EVOLUTION OF ISLAMIC BANKING INDUSTRY
Clearly aimed at helping Muslims save for their expenses before they embark on Hajj (a pilgrim site), September 1963 sealed the date of establishment for Perbadanan Wang Simpanan Bakal-Bakal Haji (PWSBH) in Malaysia. Fast forwarding 55 years later, Malaysia today houses around 16 Islamic Banks that is regarded as the strength of its successful financial market and economy. Since Islamic transactions prohibited interest, it continued to be in huge demand especially, among the economically weaker section. With PWSBH coming into being, the number of depositors increased from 1,281 to 8,67,220 which resulted in the collection of deposits of over 1 million Malaysian ringgits. This successful experience led to the establishment of various Islamic banks especially in Egypt, that prioritized the needs of the rural areas. The fueling success led to the formation of Nasser bank in Cairo in 1972, which in turn led to the creation of Islamic Development bank that aimed for the development of Muslim community. With success shining in every corner, ‘interest-free’ banking has led to people of different religion across the globe prefer Islamic over conventional. Also, across the Middle East, Africa and Asia, Islamic Banking has emerged as the prominent means of managing finances.
BAHRAINI EXPERTS SAY ON ISLAMIC BANKING
On being questioned about the reason behind the preference of the crowd for Islamic over conventional, Dr. Jarmo added, “In Islamic countries, there is a significant amount of unbanked Muslim population who stay away from formal banking practices due to various reasons.
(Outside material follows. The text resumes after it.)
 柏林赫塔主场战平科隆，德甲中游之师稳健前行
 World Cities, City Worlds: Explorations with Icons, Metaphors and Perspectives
From belonging to the economically weaker section to poor accession to conventional banking facilities, even disagreement with the principles of conventional banking is another attributed reason.” Though the documentation process is limited in conventional banking, he stated the desire for greater financial inclusion as the main reason which strengthened the foundation of modern Islamic Banking. Based on a survey that he conducted, he described that a significant amount of people loved Islamic Banking, but determined their choices based on which type of financing was more competitive. Overall, it was all about the prestige associated with the alternative that propelled success.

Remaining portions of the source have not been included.